__Dataset extract__.
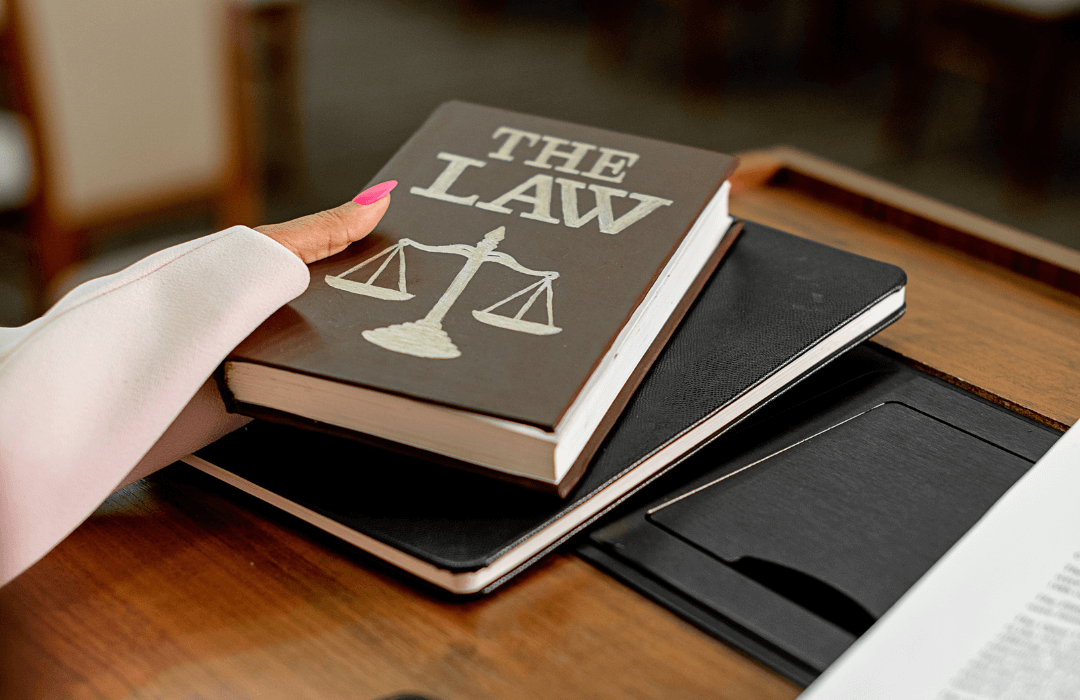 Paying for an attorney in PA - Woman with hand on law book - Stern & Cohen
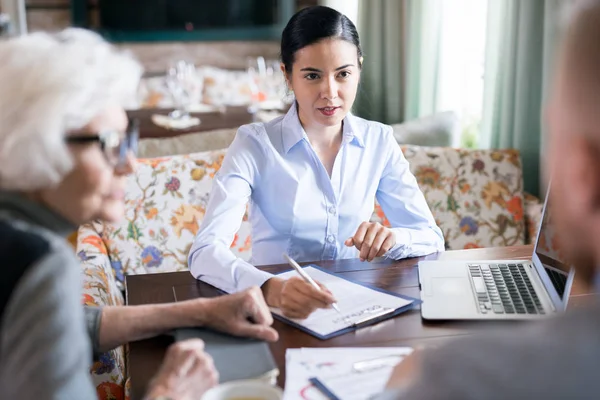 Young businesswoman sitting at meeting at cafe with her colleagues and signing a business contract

--

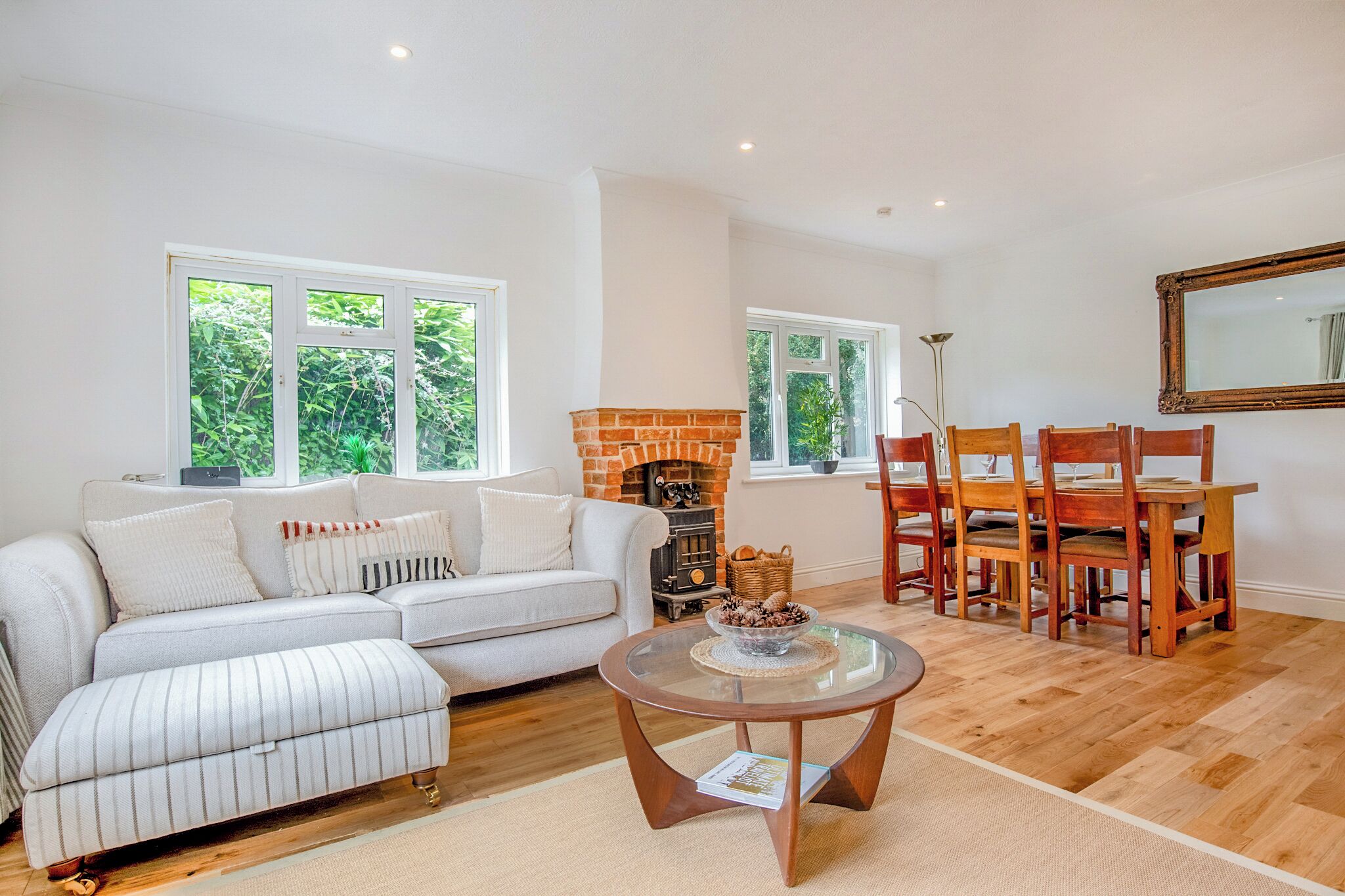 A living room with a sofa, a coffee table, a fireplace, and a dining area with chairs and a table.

__Task item__. With the pictures omitted, copy the entries above exactly from the line containing "Paying for an" through the line containing "Young businesswoman sitting", both lines included.

__Output for this exercise__.
 Paying for an attorney in PA - Woman with hand on law book - Stern & Cohen
 Young businesswoman sitting at meeting at cafe with her colleagues and signing a business contract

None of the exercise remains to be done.